Chapitre 7 : La justice environnementale participative
: condition de possibilité de la durabilité
7.1-La participation
Dans un contexte contemporain où la protection de
l'environnement fait partie intégrante de la vie de la
société, la justice classique d'origine aristotélicienne
n'est pas à la hauteur des défis contemporains; ainsi la justice
environnementale se veut un dépassement des limites anthropocentrique et
géographique de la justice Aristotélicienne.

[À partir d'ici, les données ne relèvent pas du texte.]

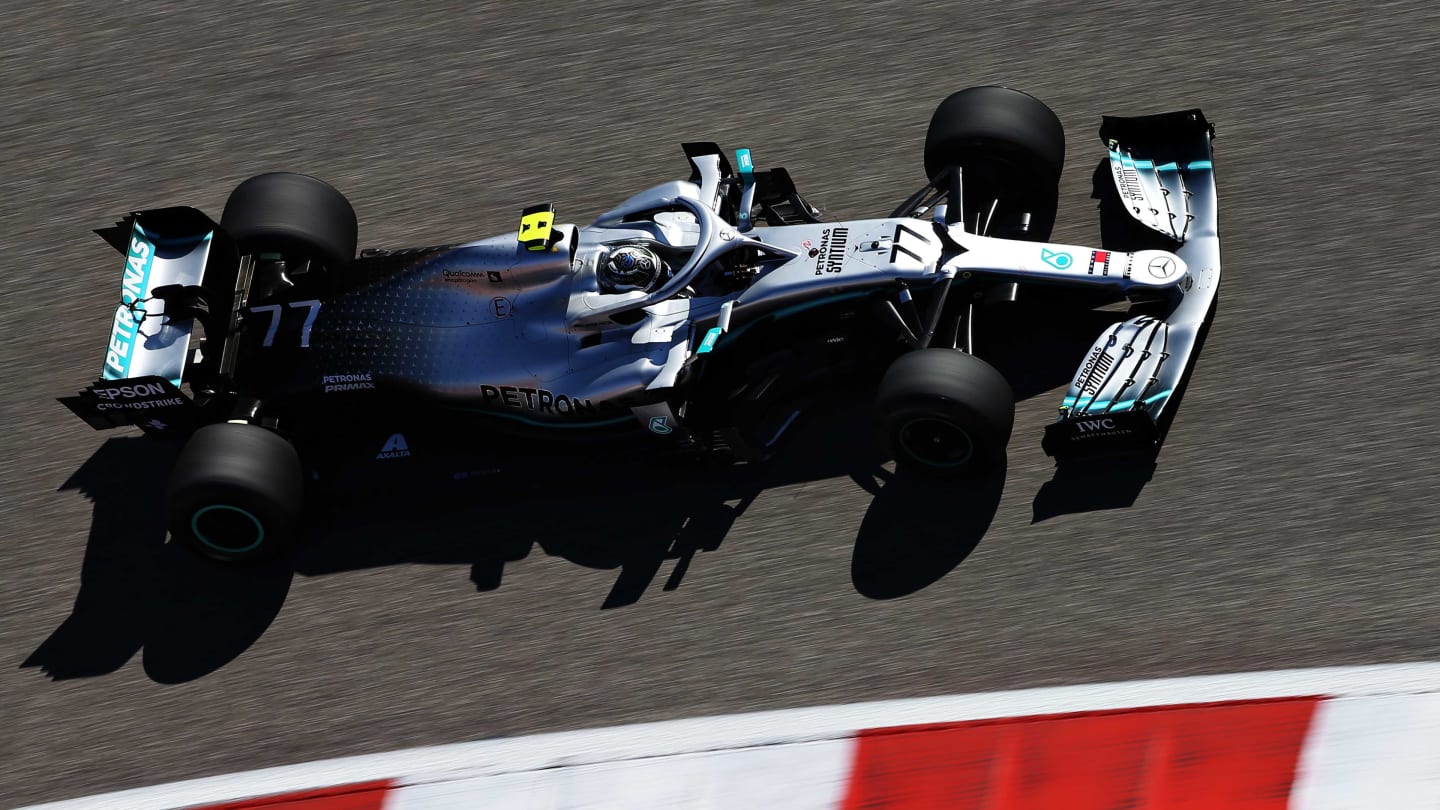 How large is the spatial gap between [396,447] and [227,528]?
40.1 inches

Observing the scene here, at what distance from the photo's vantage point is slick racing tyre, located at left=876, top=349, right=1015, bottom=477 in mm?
7758

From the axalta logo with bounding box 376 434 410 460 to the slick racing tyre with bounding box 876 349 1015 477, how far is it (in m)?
2.78

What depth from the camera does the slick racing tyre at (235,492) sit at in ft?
27.2

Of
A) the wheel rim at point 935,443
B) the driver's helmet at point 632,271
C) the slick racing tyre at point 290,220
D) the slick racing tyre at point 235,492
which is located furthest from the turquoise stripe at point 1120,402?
the slick racing tyre at point 290,220

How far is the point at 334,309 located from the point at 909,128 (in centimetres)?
389

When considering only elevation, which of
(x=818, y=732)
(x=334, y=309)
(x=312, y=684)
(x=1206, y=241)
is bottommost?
(x=312, y=684)

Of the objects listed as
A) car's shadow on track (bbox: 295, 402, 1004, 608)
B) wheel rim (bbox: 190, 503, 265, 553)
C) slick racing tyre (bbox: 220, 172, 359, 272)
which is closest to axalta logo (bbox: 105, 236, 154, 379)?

Ses grandes
orientations sont généralement regroupées sous trois
grands aspects: la légalité qui est du ressort du droit de
l'environnement consacré à la légifération dont
nous avons fait mention dans les paragraphes précédents; la
justice environnementale distributive essentiellement orientée vers
l'équité des bienfaits des qualités environnementales; et
la justice environnementale correctrice tournée vers la
réparation des dommages causés à l'environnement. Ces
trois aspects de la justice environnementale sont soutenus par la justice
environnementale participative qui exige un ordre sociopolitique permettant aux
citoyens de prendre part au débat écologique et de participer
à la délibération11.
La justice environnementale participative, telle que le note
C. Larrère (2017), implique une réflexion sur
l'égalité tout en faisant attention à ne pas construire un
égalitarisme réducteur et autoritaire. Cette plausible confusion
prend naissance à partir de la question: qui appelons-nous
défavorisé? Ce sont des personnes qui manquent de ce que J. Rawls
(1971) appelle les « biens primaires» qui sont des biens accessibles
et nécessaires à tout citoyen libre. Ainsi concevoir
l'égalité seulement sur la base des biens primaires est une
conception réductrice car n'embrassant pas toute la compréhension
de l'égalité et autoritaire car reléguant au second plans
les personnes qui ne jouissent pas « des capabilités de base
», pour parler comme A. Sen (2000), c'est-à-dire de ceux qui
souffrent de handicap physique ou social; parler de justice revient donc
à prendre en compte tous ces paramètres en donnant à
chacun les moyens de se réaliser dans son être. Autrement dit, la
démarche de la participation a en vue de faire de chaque individu
l'agent de sa situation.
11Les trois aspects de la justice environnementale
sus-cités notamment: la légalité, la justice distributive
et réparatrice, sont tirés du cours inédit de
théorie de la justice environnementale du Professeur K. Kouvon,
2016. En effet, ces trois aspects, loin d'être autonomes les uns des
autres, constituent les pièces d'un puzzle dont le manque d'une seule
saboterait la cohérence. Dans un contexte contemporain marqué par
la dégradation de la biosphère couplée des diverses sortes
d'injustice avec lesquelles l'humanité veut découdre, la justice
environnementale dans ses trois aspects, est une pièce capable
de soutenir le projet de la justice classique aristotélicienne.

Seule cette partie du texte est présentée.